Она достаёт из скрытого кармана платья платок — белый, с вышитым уголком в виде маленькой фиалки. Она всегда носит с собой чистую ткань на случай, если кто-то начнёт истекать кровью прямо в гостиной, что, как ни странно, бывало.
Поднимает руку и держит платок между ними — протянутый, но не навязанный.
— Возьмите.
Филипп смотрит на протянутый платок.
Из гостиной доносится голос Энтони — спокойный, размеренный, о дорогах или погоде, о чём-то совершенно неважном. Голос звучит как фон, как попытка мира продолжаться, даже когда он трещит по швам.

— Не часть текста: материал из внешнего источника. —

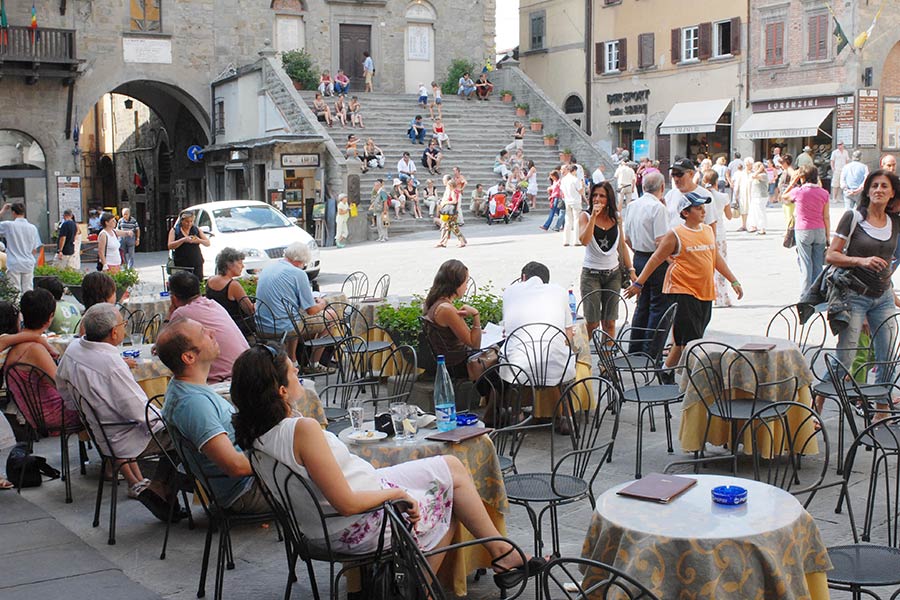“Movida” a rischio, Confcommercio dal Sindaco di Cortona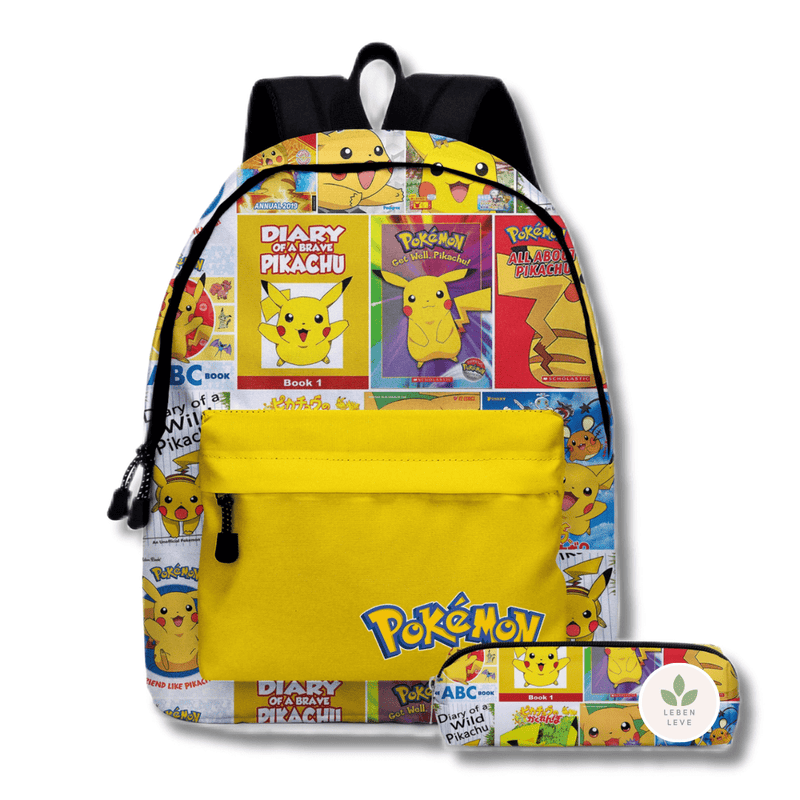 Mochila Pokemon -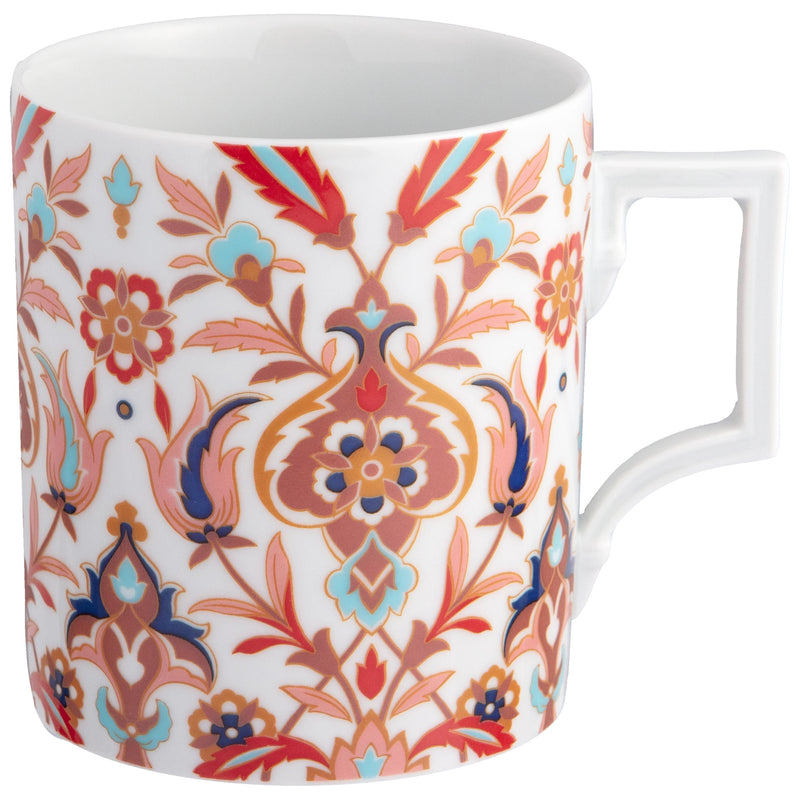 Meissen Mug Ornamental Style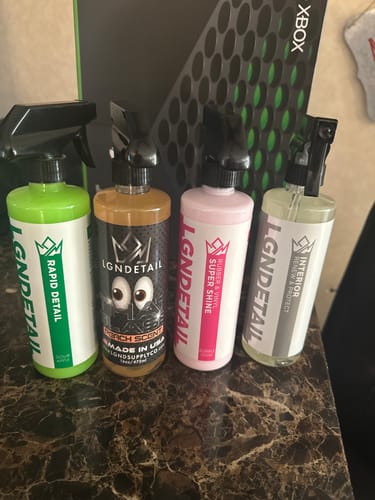 Customer photo review of Air Fresheners - 5 Pack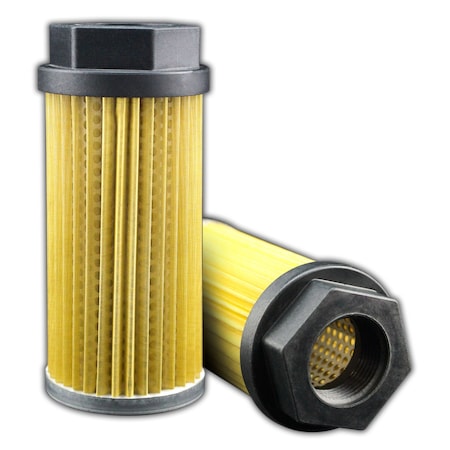 Hydraulic Filter, Replaces MP FILTRI STR0704BG1M90, Suction Strainer, 125 Micron, Outside-In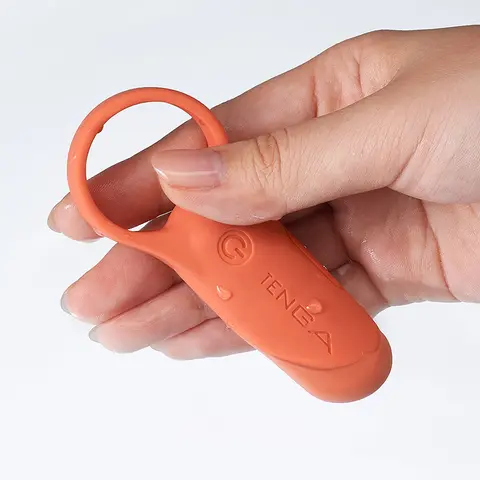 TENGA paiRING in Orange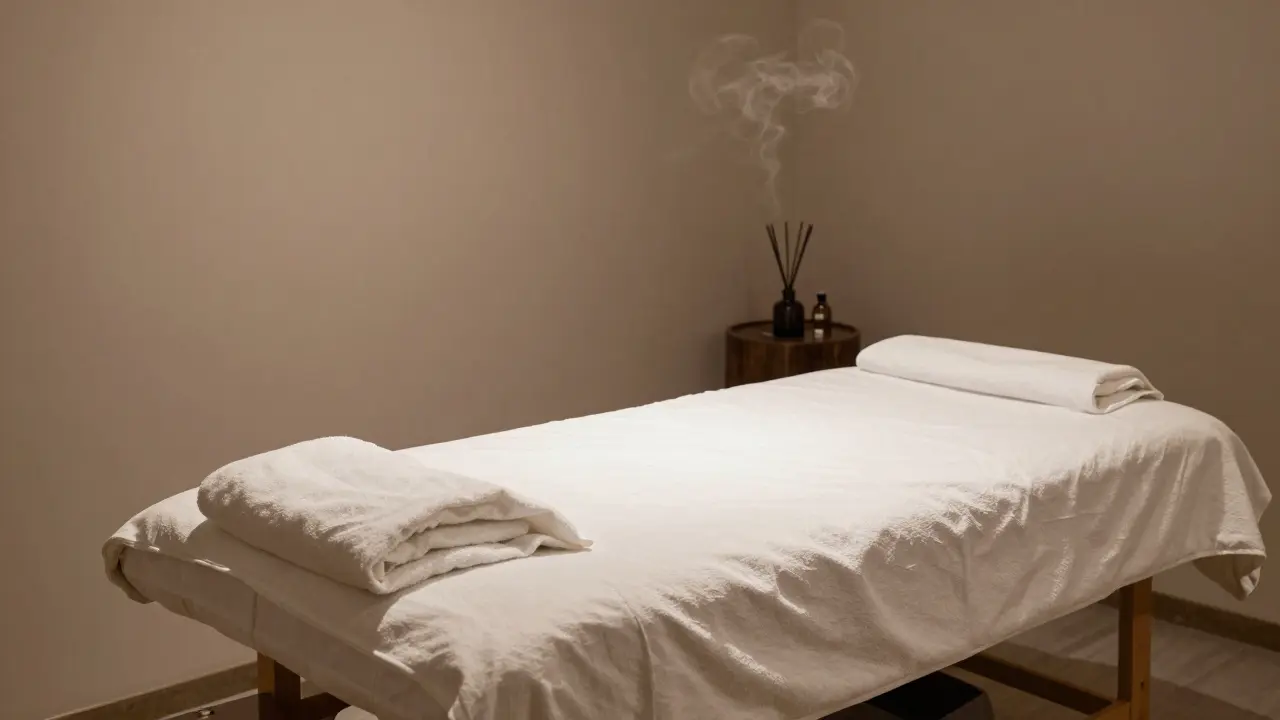 How Much to Tip for a 60-Minute Massage at Massage Envy in Dubai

— Пустяки, — повторяет Филипп. Но теперь это слово звучит иначе: глухо, почти растерянно. Будто он сам не уверен, что защищает: лицо, гордость или просто право быть сломанным без свидетелей.
Он берёт платок. Их пальцы не соприкасаются. Он обходит это касание с осторожностью заражённого, который боится передать яд. Или получить его. Сострадание. Надежду. Что-то, что хуже любой болезни.
Прижимает ткань к скуле. На белом тут же расплывается алое пятно.
— Вы не обязаны, — говорит он, не глядя на неё. — Это не ваша забота.
— Но вы ходите окровавленный, — отвечает она. — А я — человек, который замечает такие вещи. Даже если другие делают вид, что нет.
Филипп поднимает на неё глаза. В них мелькает что-то похожее на усмешку. Горькое, искажённое отражение юмора, лишённое веселья. Оно исчезает раньше, чем успевает оформиться.
— Я всегда хожу окровавленный, — произносит он тихо. — В последнее время. Это добавляет пикантности приёму гостей, не находите?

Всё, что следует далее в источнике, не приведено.